Collections › MESDA Collection › Goblet

Goblet

Artist/Maker:
Ball, William
Place Made:
Baltimore Maryland United States of America
Date Made:
1789-1815
Medium:
silver
Dimensions:
HOA: 7″
Accession Number:
2783.1
Description:
DESCRIPTION: A pair of silver standing cups or goblets with gold wash interiors and round bases.

INSCRIPTION: Engraved on front with the initial “M” within a bright-cut shield cartouche featuring swags, stars, and sprigs.

MARK: Struck twice on bottom of base with intaglio “W•BALL” mark in a conforming rectangle reserve.

MAKER: William Ball was born in England in 1763 and was working in Baltimore, Maryland at least by 1789, when the Maryland Orphans’ Court Proceedings recorded the indenture of an apprentice to the silversmith (Vol 2, 1787-1792, p. 119, 13 August 1789). The Maryland Journal (25 September 1790) announced the dissolution of a partnership of between Ball and Israel H. Johnson (working 1786-1790). In 1812 Ball appears in another partnership as Ball & Heald; Heald is probably John S. Heald. Documented apprentices to Ball include Cantwell Douglas [b.1774], David Pluright [b.ca.1780], Thomas Murphy [b.ca. 1781] and Alfred White [b.ca. 1783]. Like his contemporary George Aiken (1765-1832), Ball suffered financial reverses during the 1810s and in 1814 took advantage of the insolvency laws; for a time he ran a packet line between Baltimore and Alexandria. Ball was a member of a local Abolitionist organization, and there is some evidence that he may have aided in the escape of a runaway slave via his packet line. Ball worked at his trade up until his death in June of 1815. See Jacob Hall Pleasants and Howard Sill, “Maryland Silversmiths, 1715-1830” (Baltimore, MD: Lord Baltimore Press, 1930) and Jennifer Faulds Goldsborough, “Silver in Maryland” (Baltimore, MD: Maryland Historical Society, 1983).

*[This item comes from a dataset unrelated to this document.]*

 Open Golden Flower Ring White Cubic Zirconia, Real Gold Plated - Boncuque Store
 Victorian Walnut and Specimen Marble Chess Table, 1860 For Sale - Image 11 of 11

FORM: Although silver goblets had been made in America since the seventeenth century, the form is uncommon. Most were intended for use in churches (communion chalices); however, in the nineteenth century many were made for domestic purposes. Domestic goblets were often ornamented with either the owner’s initials, surnames, or more lengthy inscriptions. Both communion chalices and domestic goblets were sometimes elaborately decorated with cast, die-stamped, engraved, or repousse ornament. Most goblets are lined, as is this one, with a gold wash; though the wash is often worn away.